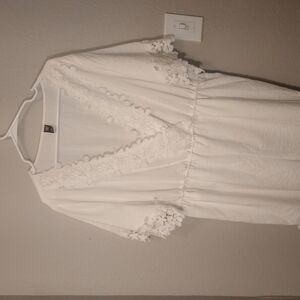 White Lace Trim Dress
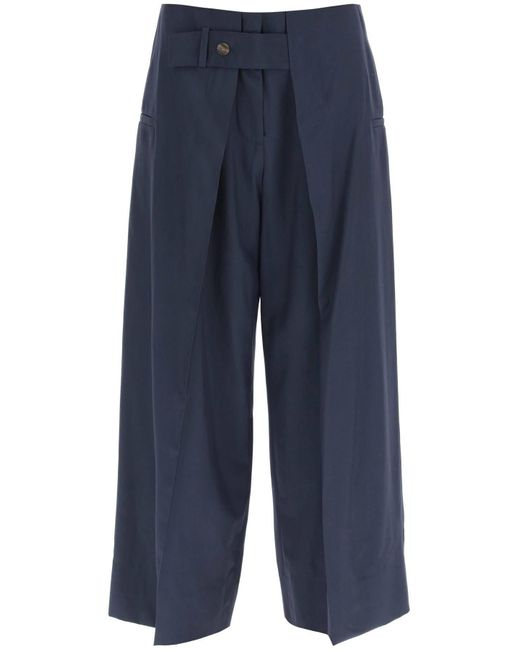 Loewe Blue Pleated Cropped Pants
···
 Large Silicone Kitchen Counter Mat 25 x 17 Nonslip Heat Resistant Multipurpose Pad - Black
···
Task directions.
Those lines of the records above that run from the one containing "White Lace Trim Dress" through the one containing "Loewe Blue Pleated Cropped Pants" should be returned exactly, with no pictures among them.

Your solution.
 White Lace Trim Dress
 Loewe Blue Pleated Cropped Pants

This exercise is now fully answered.